[Assigned task]:
Word for word, repeat the entries, minus the pictures.

--------------------------------------------------

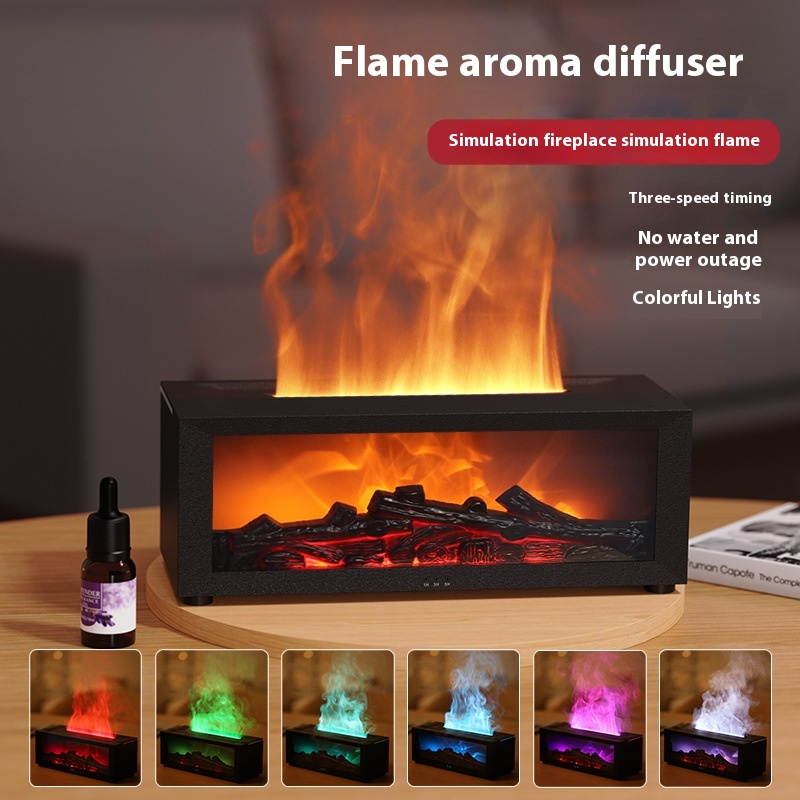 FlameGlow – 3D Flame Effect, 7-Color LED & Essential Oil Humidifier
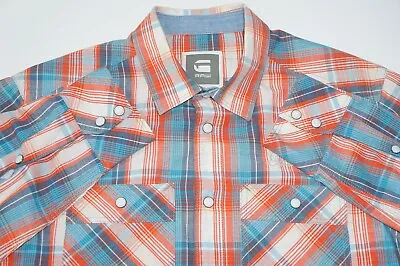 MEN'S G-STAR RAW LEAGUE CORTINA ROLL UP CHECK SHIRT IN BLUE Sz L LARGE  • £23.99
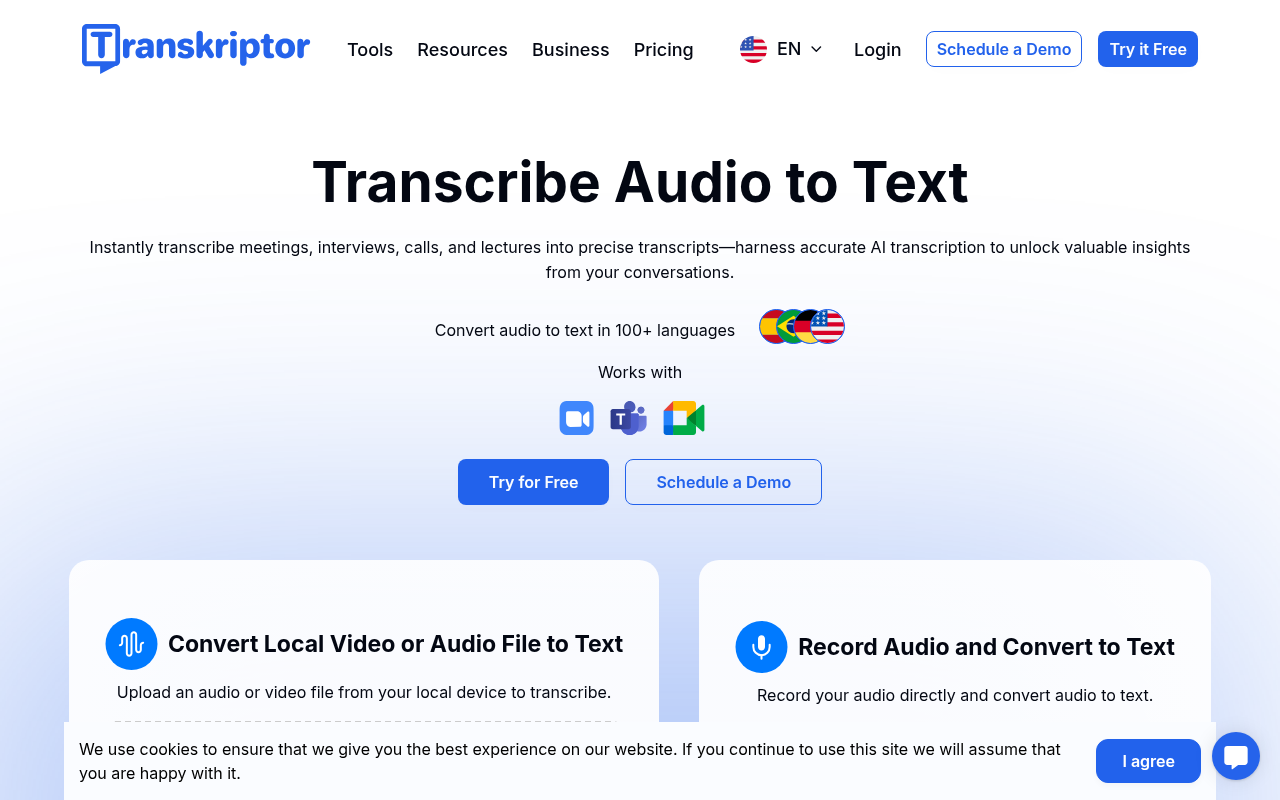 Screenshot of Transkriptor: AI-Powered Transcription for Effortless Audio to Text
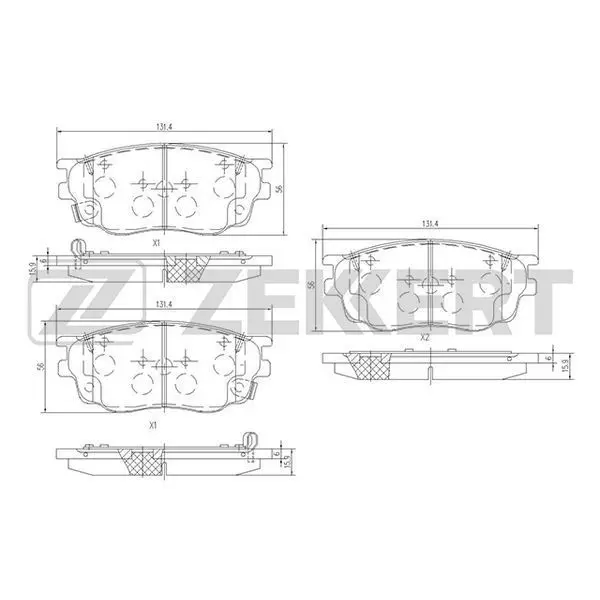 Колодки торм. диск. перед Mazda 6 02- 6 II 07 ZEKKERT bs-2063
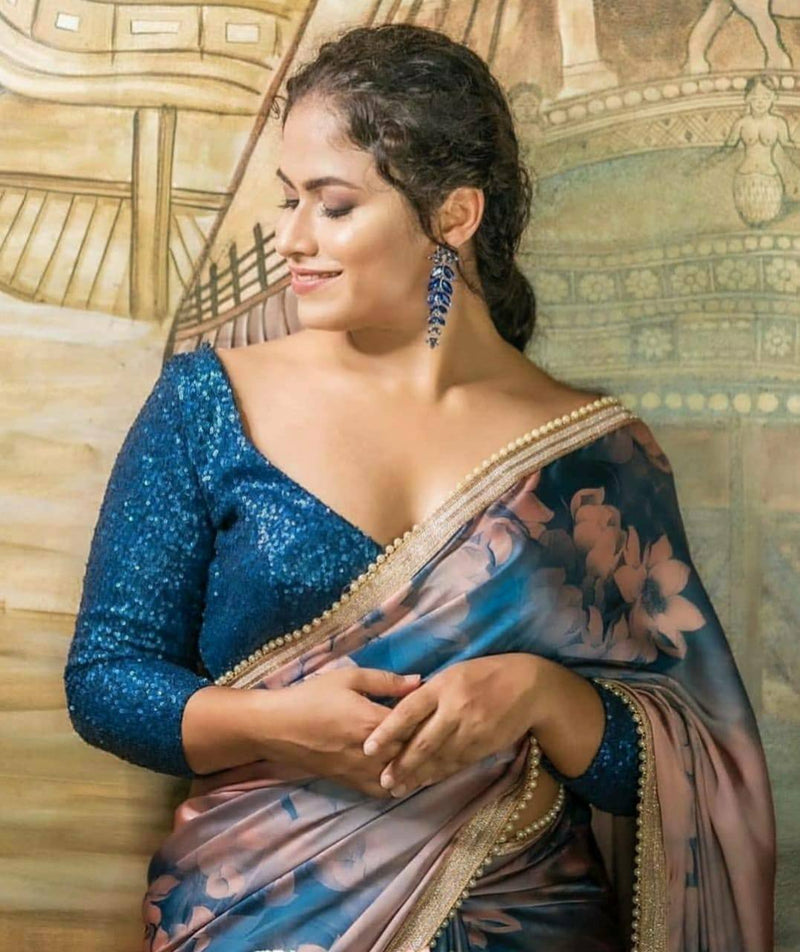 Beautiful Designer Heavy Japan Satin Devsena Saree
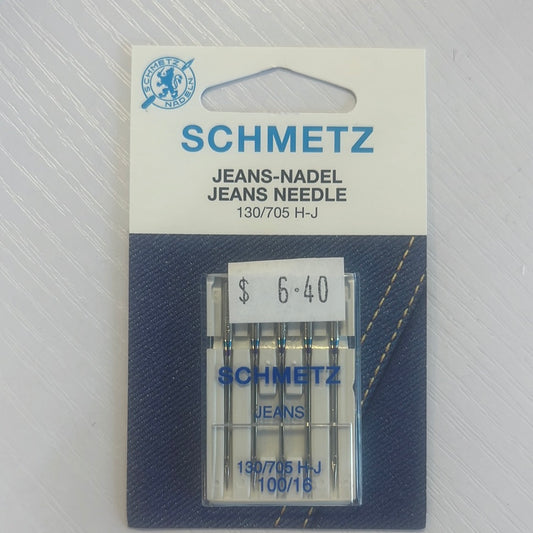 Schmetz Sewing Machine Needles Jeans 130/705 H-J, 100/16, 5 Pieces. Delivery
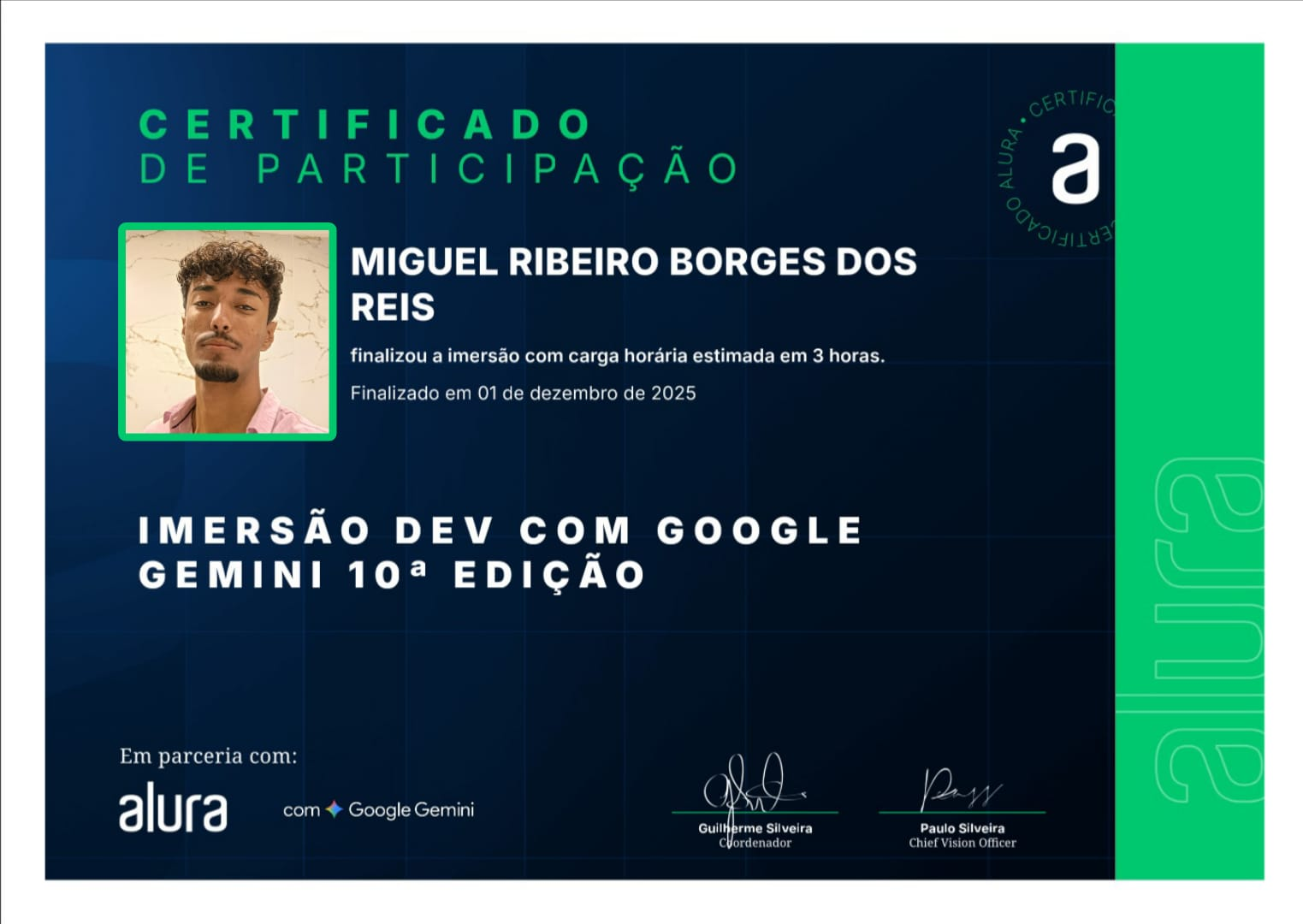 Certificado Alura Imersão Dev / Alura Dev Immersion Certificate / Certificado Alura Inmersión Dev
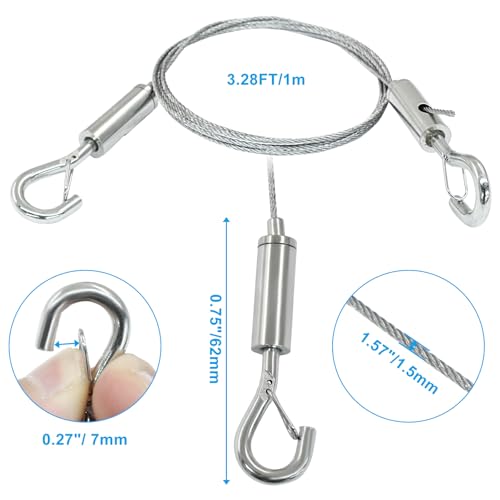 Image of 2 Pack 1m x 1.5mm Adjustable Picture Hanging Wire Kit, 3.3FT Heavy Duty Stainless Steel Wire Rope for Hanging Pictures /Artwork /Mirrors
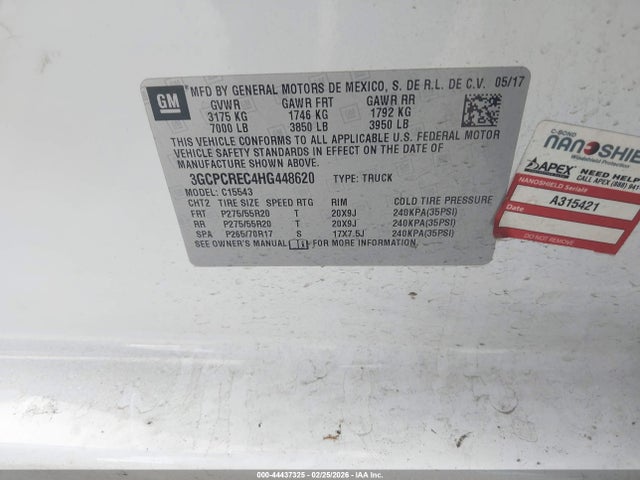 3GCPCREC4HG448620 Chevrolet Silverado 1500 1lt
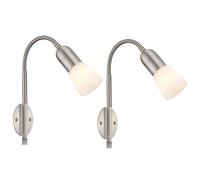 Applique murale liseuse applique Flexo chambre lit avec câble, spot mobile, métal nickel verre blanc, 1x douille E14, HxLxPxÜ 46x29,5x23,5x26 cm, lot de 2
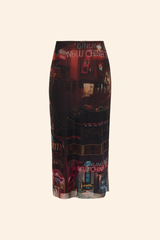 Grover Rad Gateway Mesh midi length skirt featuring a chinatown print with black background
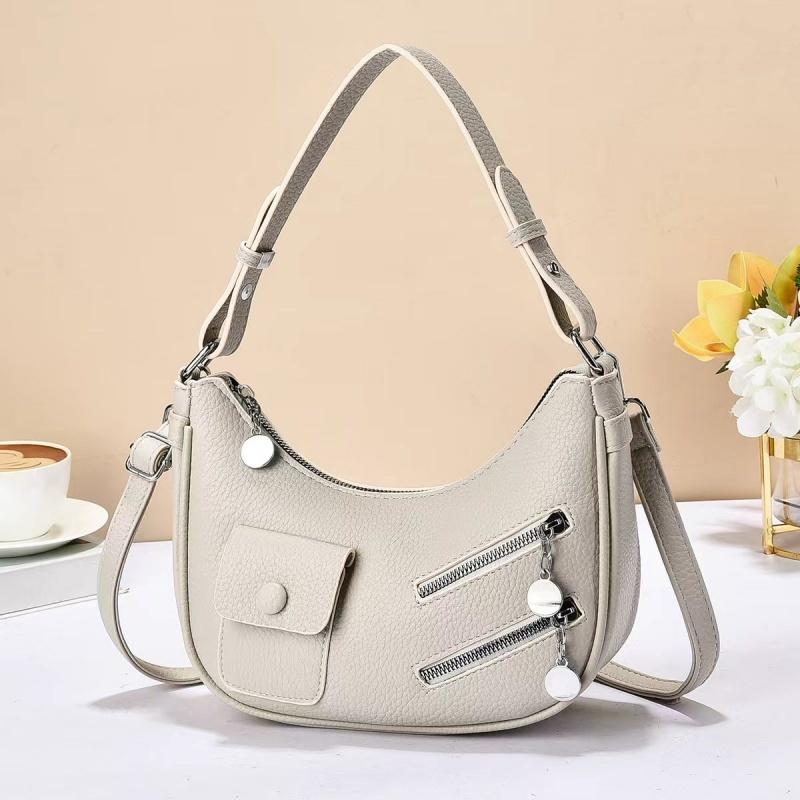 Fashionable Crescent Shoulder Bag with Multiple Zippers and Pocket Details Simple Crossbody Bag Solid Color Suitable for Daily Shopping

--------------------------------------------------

[Finished task]:
 FlameGlow – 3D Flame Effect, 7-Color LED & Essential Oil Humidifier
 MEN'S G-STAR RAW LEAGUE CORTINA ROLL UP CHECK SHIRT IN BLUE Sz L LARGE  • £23.99
 Screenshot of Transkriptor: AI-Powered Transcription for Effortless Audio to Text
 Колодки торм. диск. перед Mazda 6 02- 6 II 07 ZEKKERT bs-2063
 Beautiful Designer Heavy Japan Satin Devsena Saree
 Schmetz Sewing Machine Needles Jeans 130/705 H-J, 100/16, 5 Pieces. Delivery
 Certificado Alura Imersão Dev / Alura Dev Immersion Certificate / Certificado Alura Inmersión Dev
 Image of 2 Pack 1m x 1.5mm Adjustable Picture Hanging Wire Kit, 3.3FT Heavy Duty Stainless Steel Wire Rope for Hanging Pictures /Artwork /Mirrors
 3GCPCREC4HG448620 Chevrolet Silverado 1500 1lt
 Applique murale liseuse applique Flexo chambre lit avec câble, spot mobile, métal nickel verre blanc, 1x douille E14, HxLxPxÜ 46x29,5x23,5x26 cm, lot de 2
 Grover Rad Gateway Mesh midi length skirt featuring a chinatown print with black background
 Fashionable Crescent Shoulder Bag with Multiple Zippers and Pocket Details Simple Crossbody Bag Solid Color Suitable for Daily Shopping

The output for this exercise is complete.